Postgresql – postgres fetch record from partitions without the check constraints

partitioningpostgresql

I am using postgres 9.4,
I have a messages table that has 100M records, messages belongs to one feed_id, so I decided to partition the tables by posted_at.

 Table "public.messages"
            Column            |            Type             | Modifiers
------------------------------+-----------------------------+-----------
 id_str                       | character varying(255)      | not null
 feed_id                      | integer                     |
 replied_parent_id            | character varying(255)      |
 shared_parent_id             | character varying(255)      |
 message                      | character varying(255)      |
 posted_at                    | timestamp without time zone |
Triggers:
    messages_insert_trigger BEFORE INSERT ON messages FOR EACH ROW EXECUTE                              PROCEDURE create_messages_partition_and_insert()
Number of child tables: 231 (Use \d+ to list them.)
Child tables: messages_y2008_w45,
          messages_y2015_w01,
          messages_y2015_w04,
          messages_y2015_w03,
          messages_y2015_w02,
          messages_y2009_w23,
          ....

\d messages_y2008_w45
Table "public.messages_y2008_w45"
-- SAME AS messages
Indexes:
    "messages_y2008_w45_pkey" PRIMARY KEY, btree (id_str)
    "index_messages_y2008_w45_on_posted_at" btree (posted_at DESC)
Check constraints:
    "messages_y2008_w45_posted_at_check" CHECK (posted_at >= '2008-11-03 00:00:00'::timestamp without time zone AND posted_at < '2008-11-10 00:00:00'::timestamp without time zone)

Inherits: messages

There is a problem when I try to query parent messages. A parent message can have multiple child messages that posted at different date.
I fetch the child messages using the date range, and select the shared_parent_id from the child messages. Then I try to fetch the parents messages, but I don't have the date range for the parent messages, the parent messages can be outside the child messages' date range. What I can do is add a parent_posted_at in the messages table. But updating all the existing messages will take very long.
Also it's not ideal to add parent info in the child messages.

Is there any better way?

My question maybe more related to the design of the DB, should I use partition for this case or maybe partition differently?

EDIT:

Here's some example rows: I want to all 2015 May messages. So I selected [3,4,5,6]. But [5,6] are referring to [1,2].

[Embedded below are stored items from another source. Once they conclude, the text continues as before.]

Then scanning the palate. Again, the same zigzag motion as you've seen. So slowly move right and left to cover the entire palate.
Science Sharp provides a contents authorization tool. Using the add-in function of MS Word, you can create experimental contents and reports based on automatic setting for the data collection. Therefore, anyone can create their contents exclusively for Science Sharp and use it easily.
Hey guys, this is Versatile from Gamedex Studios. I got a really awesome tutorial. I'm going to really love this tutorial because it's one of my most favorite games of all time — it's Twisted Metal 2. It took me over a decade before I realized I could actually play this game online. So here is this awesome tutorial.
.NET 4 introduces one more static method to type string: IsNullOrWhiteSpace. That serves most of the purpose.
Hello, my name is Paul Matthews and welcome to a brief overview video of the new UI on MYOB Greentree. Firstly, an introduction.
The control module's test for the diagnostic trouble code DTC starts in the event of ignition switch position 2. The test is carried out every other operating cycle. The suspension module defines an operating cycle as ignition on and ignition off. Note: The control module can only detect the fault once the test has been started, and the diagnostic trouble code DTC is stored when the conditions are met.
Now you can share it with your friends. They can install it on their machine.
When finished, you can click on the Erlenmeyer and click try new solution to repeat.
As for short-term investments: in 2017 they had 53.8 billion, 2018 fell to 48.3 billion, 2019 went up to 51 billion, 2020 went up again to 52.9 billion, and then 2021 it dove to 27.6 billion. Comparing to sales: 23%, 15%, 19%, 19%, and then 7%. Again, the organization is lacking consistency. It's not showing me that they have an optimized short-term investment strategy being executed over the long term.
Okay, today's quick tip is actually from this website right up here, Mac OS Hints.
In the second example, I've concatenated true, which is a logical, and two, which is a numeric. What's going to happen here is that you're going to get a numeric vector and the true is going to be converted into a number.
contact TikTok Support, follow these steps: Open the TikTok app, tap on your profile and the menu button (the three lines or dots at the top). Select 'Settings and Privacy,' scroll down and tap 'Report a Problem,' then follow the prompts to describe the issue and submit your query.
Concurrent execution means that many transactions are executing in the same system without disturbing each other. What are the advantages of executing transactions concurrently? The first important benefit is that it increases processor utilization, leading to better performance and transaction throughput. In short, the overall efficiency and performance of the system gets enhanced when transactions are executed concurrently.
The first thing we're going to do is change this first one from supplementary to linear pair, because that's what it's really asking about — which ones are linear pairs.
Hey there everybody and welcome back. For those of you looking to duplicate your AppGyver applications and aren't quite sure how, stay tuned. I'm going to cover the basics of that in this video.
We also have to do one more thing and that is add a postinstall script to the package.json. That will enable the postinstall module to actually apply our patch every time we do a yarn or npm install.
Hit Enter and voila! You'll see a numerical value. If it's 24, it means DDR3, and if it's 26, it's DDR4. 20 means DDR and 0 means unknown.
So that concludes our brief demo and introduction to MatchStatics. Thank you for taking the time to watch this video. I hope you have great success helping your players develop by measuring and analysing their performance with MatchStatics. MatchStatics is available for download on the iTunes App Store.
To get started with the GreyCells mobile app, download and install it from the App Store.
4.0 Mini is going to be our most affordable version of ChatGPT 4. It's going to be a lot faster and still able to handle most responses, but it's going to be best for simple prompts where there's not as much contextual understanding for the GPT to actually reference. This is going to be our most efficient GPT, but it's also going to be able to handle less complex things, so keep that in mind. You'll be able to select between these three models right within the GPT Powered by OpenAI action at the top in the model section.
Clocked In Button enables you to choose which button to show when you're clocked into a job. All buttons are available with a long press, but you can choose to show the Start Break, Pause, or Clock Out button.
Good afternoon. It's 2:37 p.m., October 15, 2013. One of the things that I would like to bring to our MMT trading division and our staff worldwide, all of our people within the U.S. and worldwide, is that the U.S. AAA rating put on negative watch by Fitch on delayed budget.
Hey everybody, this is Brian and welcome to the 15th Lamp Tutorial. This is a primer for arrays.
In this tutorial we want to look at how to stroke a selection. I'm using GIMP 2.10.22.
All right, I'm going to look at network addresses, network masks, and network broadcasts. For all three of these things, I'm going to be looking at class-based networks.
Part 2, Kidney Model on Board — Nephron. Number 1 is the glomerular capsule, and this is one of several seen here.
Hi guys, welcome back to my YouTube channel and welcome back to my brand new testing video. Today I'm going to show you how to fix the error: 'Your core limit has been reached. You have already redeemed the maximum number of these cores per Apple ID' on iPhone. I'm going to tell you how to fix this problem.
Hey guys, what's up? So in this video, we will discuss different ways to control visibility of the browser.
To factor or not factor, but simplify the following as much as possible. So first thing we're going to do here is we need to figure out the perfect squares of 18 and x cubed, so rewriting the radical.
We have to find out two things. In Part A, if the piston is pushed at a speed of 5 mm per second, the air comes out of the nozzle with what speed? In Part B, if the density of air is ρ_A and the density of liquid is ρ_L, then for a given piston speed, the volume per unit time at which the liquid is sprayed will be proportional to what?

To select the May messages, I have the date range, so it fits the check contraints, but after that I have to find the [1,2], the problem is I do not know the parent's posted_at, I only have the ids. So it will scan through all the partition tables. Maybe I should not partition by posted_at, instead I should partition by feed_id?

 id_str | feed_id | replied_parent_id | shared_parent_id |  message |      posted_at
--------+---------+-------------------+------------------+----------+---------------------
      1 |      26 |                   |                  | message1 | 2015-03-03 15:55:55
      2 |      26 |                   |                  | message2 | 2015-04-03 15:55:40
      3 |      26 |                   |                  | message3 | 2015-05-03 15:54:41
      4 |      26 |                   |                  | message4 | 2015-05-03 15:54:34
      5 |      26 |                   |                1 |          | 2015-05-03 15:54:15
      6 |      26 |                   |                2 |          | 2015-05-03 15:54:00

(6 rows)

Best Answer

A few details are still not clear, but let's see, what we can do now. First, having about 100M rows and 231 partitions sounds not that good. The resulting tables will be too small, in turn their number too high - I cannot tell the threshold, but at some point the query planning migt get too expensive. I think it is quite possible that yearly partitions would be enough. Alternatively, if you really want to fetch a whole month at a time, create monthly partitions.

Now to the actual problem.

It is not quite clear to me why you have rows in the parent table. The usual way of partitioning is that the parent is empty, and every row is redirected to one of the children.

At the same time, is you have an index on posted_at of the parent table (as you have it on the children), finding rows in the parent based on the timestamp is easy.

On the other hand, while I'm not sure which column shared_parent_id refers to, you can define an index on it, too - looking rows up based on this will be easy, too.

The only thing still has to be added is tell your query to look for parents in the parent table only. Let's have a look at a possible query:

WITH child_messages AS (
    SELECT shared_parent_id, {other interesting columns}
      FROM messages
     WHERE posted_at {matches your needs}
)
SELECT *
  FROM child_messages

UNION ALL

SELECT shared_parent_id, {other interesting columns}
  FROM ONLY messages -- this way it does not go to the children
 WHERE {unclear column} IN (SELECT shared_parent_id FROM child_messages);

The WITH query may pick up rows from the parent, too - this you may or may not want, adjust the query accordingly.

Furthermore, the performance might not be ideal, in this case there is room for tweaking the query (eg. a JOIN instead of the IN(), pushing the query in the WITH clause into a (sub)query and so on).

And a final notice: varchar(255) is usually a sign of a value of unknown-before length - if you really want to constrain it, you may want to choose a meaningful limit. Otherwise, an unlimited varchar (or text) has a slight performance advantage in PostgreSQL over the limited ones. Furthermore, from your example it seems that shared_parent_id is a number (integer) - use the best fitting type.